U.S. Citizenship and Immigration Services (USCIS) is continuing to implement the June 28, 2018, Policy Memorandum (PM), Updated Guidance for the Referral of Cases and Issuance of Notices to Appear (NTAs) in Cases Involving Inadmissible and Deportable Aliens (PDF, 140 KB).

USCIS may issue NTAs as described below based on denials of I-914/I-914A, Application for T Nonimmigrant Status; I-918/I-918A, Petition for U Nonimmigrant Status; I-360, Petition for Amerasian, Widow(er), or Special Immigrant (Violence Against Women Act self-petitions and Special Immigrant Juvenile Status petitions); I-730, Refugee/Asylee Relative Petitions when the beneficiary is present in the US; I-929, Petition for Qualifying Family Member of a U-1 Nonimmigrant; and I-485 Application to Register Permanent Residence or Adjust Status (with the underlying form types listed above).

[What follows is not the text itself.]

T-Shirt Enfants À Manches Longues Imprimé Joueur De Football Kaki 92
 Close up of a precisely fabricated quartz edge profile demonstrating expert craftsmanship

If applicants, beneficiaries, or self-petitioners who are denied are no longer in a period of authorized stay and do not depart the United States, USCIS may issue an NTA. USCIS will continue to send denial letters for these applications and petitions to ensure adequate notice regarding period of authorized stay, checking travel compliance, or validating departure from the United States.